La celebración congrega tradicionalmente cada 8 de diciembre a una multitud de devotos hasta el templo que se erige en el cerro de Caacupé, a 50 kilómetros al este de Asunción.

Poco antes de las 7, el obispo de Caacupé, Ricardo Valenzuela, realizó un recorrido solitario por la desolada explanada de la Basílica Menor, generalmente colmada de fieles durante la festividad de la Virgen, y que este año permaneció completamente vacía a la hora del oficio litúrgico central.

La festividad se vivió sin la presencia de los fieles, algo que había ocurrido hace más de 100 años, durante la pandemia de la gripe española.

Cerca de las 11 de la mañana, la Virgen fue subida a un helicóptero que hizo un sobrevuelo por la ciudad capital y zonas aledañas, informó el periódico local Última Hora.

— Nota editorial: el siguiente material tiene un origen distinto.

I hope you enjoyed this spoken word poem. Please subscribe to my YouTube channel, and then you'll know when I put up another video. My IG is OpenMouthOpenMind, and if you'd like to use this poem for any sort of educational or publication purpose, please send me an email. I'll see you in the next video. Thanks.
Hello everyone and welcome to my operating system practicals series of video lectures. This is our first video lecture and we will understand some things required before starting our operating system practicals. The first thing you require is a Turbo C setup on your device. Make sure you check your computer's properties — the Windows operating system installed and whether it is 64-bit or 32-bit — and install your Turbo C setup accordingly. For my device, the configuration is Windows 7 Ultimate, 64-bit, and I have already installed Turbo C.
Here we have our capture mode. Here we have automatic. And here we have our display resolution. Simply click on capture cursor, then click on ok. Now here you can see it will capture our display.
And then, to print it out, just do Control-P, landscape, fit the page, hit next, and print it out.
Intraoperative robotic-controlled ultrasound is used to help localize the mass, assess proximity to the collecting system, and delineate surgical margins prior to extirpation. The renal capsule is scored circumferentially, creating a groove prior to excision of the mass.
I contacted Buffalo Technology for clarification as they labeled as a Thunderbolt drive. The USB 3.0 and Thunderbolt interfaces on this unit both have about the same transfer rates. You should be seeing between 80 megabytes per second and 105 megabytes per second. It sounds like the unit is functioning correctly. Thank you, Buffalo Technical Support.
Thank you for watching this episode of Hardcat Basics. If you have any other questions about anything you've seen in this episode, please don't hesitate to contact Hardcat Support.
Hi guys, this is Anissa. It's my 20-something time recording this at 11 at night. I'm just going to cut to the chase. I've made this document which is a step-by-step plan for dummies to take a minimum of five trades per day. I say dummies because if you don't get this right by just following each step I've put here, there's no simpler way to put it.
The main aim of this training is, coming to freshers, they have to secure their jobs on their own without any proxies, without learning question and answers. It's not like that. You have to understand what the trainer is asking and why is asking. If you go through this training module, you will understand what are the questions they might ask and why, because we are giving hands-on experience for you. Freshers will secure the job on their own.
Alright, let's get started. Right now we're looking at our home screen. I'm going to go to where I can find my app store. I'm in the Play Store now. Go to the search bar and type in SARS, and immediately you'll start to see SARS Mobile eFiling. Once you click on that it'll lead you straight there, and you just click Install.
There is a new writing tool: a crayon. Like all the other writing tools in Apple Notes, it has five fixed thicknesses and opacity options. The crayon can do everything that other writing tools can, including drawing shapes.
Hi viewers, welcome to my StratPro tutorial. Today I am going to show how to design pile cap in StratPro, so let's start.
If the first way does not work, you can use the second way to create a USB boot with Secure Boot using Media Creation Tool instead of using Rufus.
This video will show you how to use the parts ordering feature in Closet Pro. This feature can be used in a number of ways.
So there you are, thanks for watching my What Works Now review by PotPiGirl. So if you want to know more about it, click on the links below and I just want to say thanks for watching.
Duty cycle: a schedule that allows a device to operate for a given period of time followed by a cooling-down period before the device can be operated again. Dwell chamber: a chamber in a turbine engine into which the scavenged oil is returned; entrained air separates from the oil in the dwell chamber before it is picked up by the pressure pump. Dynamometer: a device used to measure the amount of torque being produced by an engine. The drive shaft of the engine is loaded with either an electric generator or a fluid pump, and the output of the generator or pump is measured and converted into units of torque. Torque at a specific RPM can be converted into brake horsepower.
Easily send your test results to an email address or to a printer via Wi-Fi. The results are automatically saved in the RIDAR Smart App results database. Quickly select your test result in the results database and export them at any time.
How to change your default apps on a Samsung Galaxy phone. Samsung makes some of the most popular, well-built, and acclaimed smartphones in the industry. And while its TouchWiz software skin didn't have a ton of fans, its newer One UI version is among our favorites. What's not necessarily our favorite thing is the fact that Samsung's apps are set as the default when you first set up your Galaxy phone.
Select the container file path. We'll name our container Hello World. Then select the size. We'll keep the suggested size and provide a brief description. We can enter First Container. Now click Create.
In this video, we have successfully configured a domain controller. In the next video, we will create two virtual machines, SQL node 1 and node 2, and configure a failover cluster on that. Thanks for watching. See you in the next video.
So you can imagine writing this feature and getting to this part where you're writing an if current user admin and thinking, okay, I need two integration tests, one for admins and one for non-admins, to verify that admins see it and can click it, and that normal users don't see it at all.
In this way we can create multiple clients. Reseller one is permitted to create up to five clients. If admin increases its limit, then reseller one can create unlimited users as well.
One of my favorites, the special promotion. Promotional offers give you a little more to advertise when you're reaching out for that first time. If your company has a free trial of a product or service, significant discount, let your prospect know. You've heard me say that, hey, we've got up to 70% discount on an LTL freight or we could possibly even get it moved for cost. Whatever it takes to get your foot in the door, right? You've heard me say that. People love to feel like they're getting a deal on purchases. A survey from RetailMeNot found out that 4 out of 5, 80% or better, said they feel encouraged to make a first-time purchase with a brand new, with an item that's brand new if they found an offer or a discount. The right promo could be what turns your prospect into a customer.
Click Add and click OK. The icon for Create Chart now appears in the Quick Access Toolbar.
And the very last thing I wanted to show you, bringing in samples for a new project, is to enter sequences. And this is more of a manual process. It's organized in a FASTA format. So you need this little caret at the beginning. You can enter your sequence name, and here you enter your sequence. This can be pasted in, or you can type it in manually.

Las pérdidas para los comercios de Caacupé rondaron los 10 millones de dólares, estimó el alcalde local, Diego Riveros.

Hasta ayer, Paraguay registraba 1.872 fallecidos por el virus y casi 89.000 contagiados.

El jefe de la Iglesia católica paraguaya, el arzobispo de Asunción, Edmundo Valenzuela, calificó de "exageradas" las medidas impuestas por el Gobierno al no permitir a los creyentes acercarse a la basílica.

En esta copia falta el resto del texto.